William Cummens of Roxbury, Massachusetts. An inlaid mahogany case of the finest proportions and veneers featuring an automated rocking ship dial. Captain George Coggeshall's clock. 219027

Family history records that this clock was originally owned by Captain George Coggeshall who eventually became the owner of the ship named the Magnet. Lucy Coggeshall married George Coggeshall. George died in Havana on June 12, 1812 at the at of 25 years old. She remarried Col. Samuel Wardwell on November 23, 1817. Wardwell was a charter member of the Bristol Train of Artillery formed in June of 1794. He and William De Wolf, Samuel V. Peck and John Bradford. The first election of Officers was held April 7, 1796 when Samuel Wardwell was chosen Captain with the rank in the militia of Lieutenant Colonel.
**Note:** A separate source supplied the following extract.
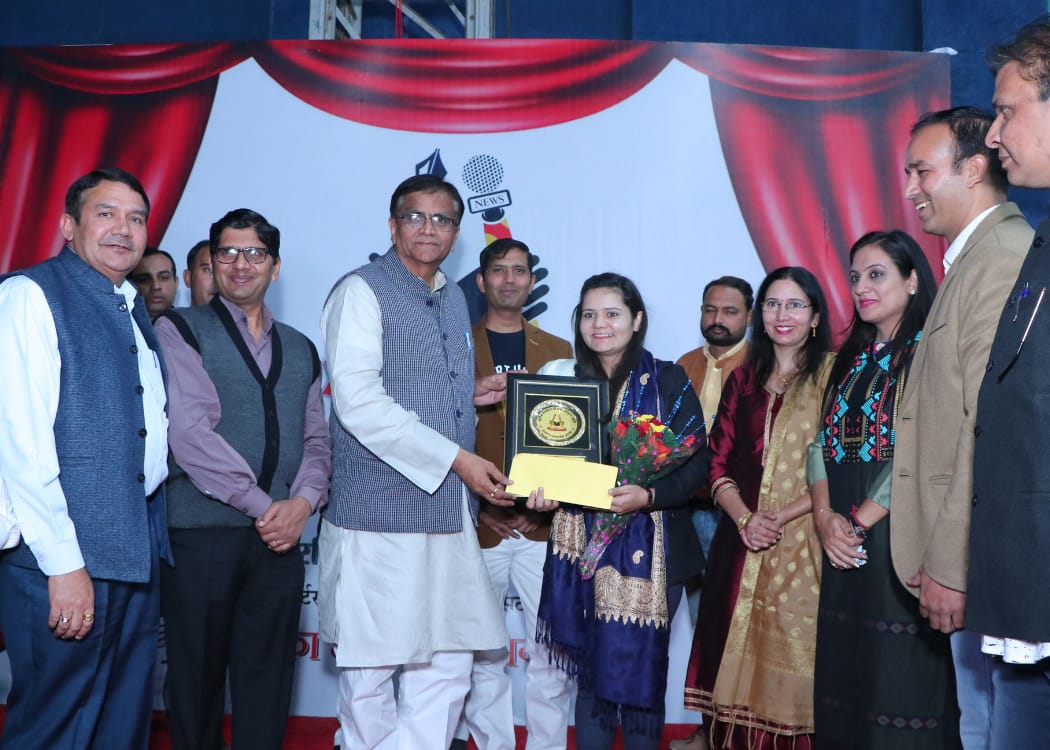 शील भारद्वाज व प्रिया छिल्लर हुए सम्मानित * आईआईटी में टॉप करने पर प्रिया छिल्लर को बहादुरगढ़ गौरव व पत्रकार शील भारद्वाज को मिला अनुज स्मृति सम्मान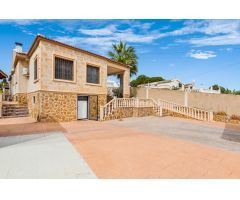 Villa en Venta en Bazar, Granada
Lucy died on March 14, 1844 she was 86 years old is buried in the Old East Burial Ground in Bristol, RI. The clock remained in the Coggeshall family until 1927 when it was given to Frederick Nelson Palmer.

This is an outstanding case. It features line inlays, cross-banding and highly figured mahogany veneers. This tall case exhibits excellent proportions, superb wood selections and a painted rocking ship dial that is signed by the Roxbury, Massachusetts Clockmaker, William Cummens.

This is a very handsome example. The case exhibits first rate choices of mahogany and mahogany veneers. All of which were selected for their strong grain pattern and formatted in a manner to command your attention. We should also point out that it is decorated with line inlays and multiple quarter fans. The current shellac based finish is modern and it accentuates the deep rich color. This example stands on four nicely formed applied ogee bracket feet. These are applied to a double stepped molding that is attached to the base. The base panel wonderfully figured. It is also decorated with a delicate line inlay that forms a box or conforms to the square shape of the base. In each corner is a quarter fan. This is a complex design having four individual blades that alternate in light and dark color. The wide ends are capped in ovals that also alternate in color. This fan design is also used in the decorative formatting of the long rectangular shape waist door. This door is also trimmed with and applied molding. The veneer selected for this location has a grain pattern that is best described as a tiger pattern. This is a fantastic selection of veneer. Through this door one can gain access to the original tin can drive weights and the brass faced pendulum bob. The bob is supported by a metal rod. Brass stopped fluted quarter columns flank the waist. These terminate in brass quarter capitals. The bonnet columns are also stopped fluted with brass and are fitted into brass capitals. These visually support the molded arch. Above this is a pierced and open fretwork design. It is a traditional New England style pattern incorporating three brass finials that are mounted on fluted chimney plinths. The arched bonnet door is also nicely figured and line inlaid. It is fitted with glass. It opens to access the painted iron dial.

This 12 inch painted iron features a rocking ship display in lunette. This automated display is a very desirable feature and is somewhat difficult to find in the marketplace. The arch or backdrop is slightly concave. This provides the space for the automated ship to move in front of the painted scene. The scene depicts a fortification on the left. A war ship under sail is entering the inlet. The ship moves in a side to side motion. This is driven by the pendulum. This automated display is a very desirable feature and was most likely a special order. Gilt designs, some of which are elevated on applied gesso decorations are positioned in each of the four spandrel areas. Inside these are colorful florals. The time ring is formatted with Roman style numeral hour markers. Arabic numerals are used to mark each of the five minute positions. The hands are hand filed with a high level of skill. A subsidiary seconds dial can be viewed inside the time ring in its traditional location. This dial is signed by the Maker, “WARRANTED by / Wm. CUMMENS .”

This fine movement is constructed in brass and is good quality.  Four turned pillars support the two brass plates. Hardened steel shafts support the polished steel pinions and brass gearing. The winding drums are grooved. The escapement is designed as a recoil format. The movement is weight driven and designed to run eight days on a full wind. It is a two train or a time and strike design having a rack and snail striking system.  As a result, it will strike each hour on the hour.  This is done on a cast iron bell which is mounted above the movement. 

This clock was made circa 1795 an stands approximately 8 feet tall or 96 inches tall, 21 inches wide and 10 inches deep.


About William Cummens of Roxbury, Massachusetts.

William Cummens was born 1768 and died on April 20, 1834 at the age of 66. He worked in Roxbury as a clockmaker as early as 1789 through 1834. He was trained by Simon Willard and along with Elnathan Taber, Cummens stayed in Roxbury and made many clocks for his own clients while maintaining a close working relationship with the Willard family. In this Roxbury location, Cummens had direct access to the same suppliers, such case makers and dial painters that the Willards used. As a result, his clocks are very similar in form. He was one of the first persons authorized by Simon Willard to manufacture the new patent timepiece. Over the past 45 plus years in business, we have owned and sold many tall case clocks, Massachusetts shelf clocks and wall timepieces signed by this important clockmaker. Very few tall case examples are found with his original set up label.